Emily Dickinson is one of my favourite poets, and certainly an idiosyncratic, enigmatic, moving, eccentric and inspired one. She is a poet who defies easy categorisation, and whose works - which to my mind stood alone largely without precedent nor successor - were unknown in her lifetime, which she lived out in recluse in her family home in New England, USA. She composed thousands of poems, most of which were found in her bedroom drawers after she died.

At first viewing I have found some of her poems to be a little difficult to understand, but when this is so I've usually found it helps to slow down my mind. Then it's easier to get onto her wavelength, and to relate to her use of language. Likewise, it's good to read a poem several times, alighting on different words each time, until it all begins to come together in the mind and heart.

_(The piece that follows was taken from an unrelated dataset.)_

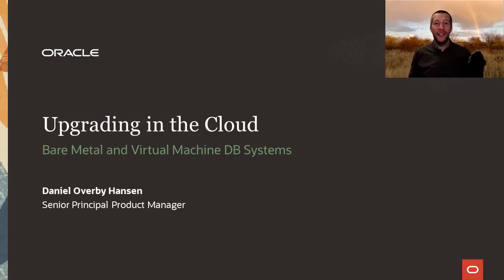Hi, my name is Daniel. Today I'll show you how you can upgrade your database in OCI when it runs on bare metal or VMs with just a few clicks.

For this, too, it can be helpful to have them in the hand as a book, or to print these poems out to read later on at leisure.

A different mode of reading is required to that employed, for example, when reading newspapers and magazines with a mind that fishes superficially and quickly in and out of pages: with Emily Dickinson (as well as much other poetry) this shallow net fishing doesn't work - it's better to stop and dive down deep, or at least stop to tread water for a while, taking in the sky and the ocean view in each direction. Her poems for me epitomize everything poetry aspires to be - performing the function of distilling the essence of themes and feelings - and as such, they tend not to be very long, and yet contain words chosen with tremendous precision.

As if to further highlight this notion, it is characteristic of her poetic style that the syntax is often clipped, and interspersed with plenty of dramatic long hyphens which amplify the principle of focus in her poems, while words of key poetic significance are usually assigned an otherwise grammatically arbitrary Capital Letter in mid-phrase. When her selected works were first published, these idiosyncracies were carelessly ironed out, and even today it is necessary to search with care to ensure you are reading versions of her poems (like those on this page) which maintain the original unchanged linguistic trademarks of her art - eccentric dashes, capital letters and all!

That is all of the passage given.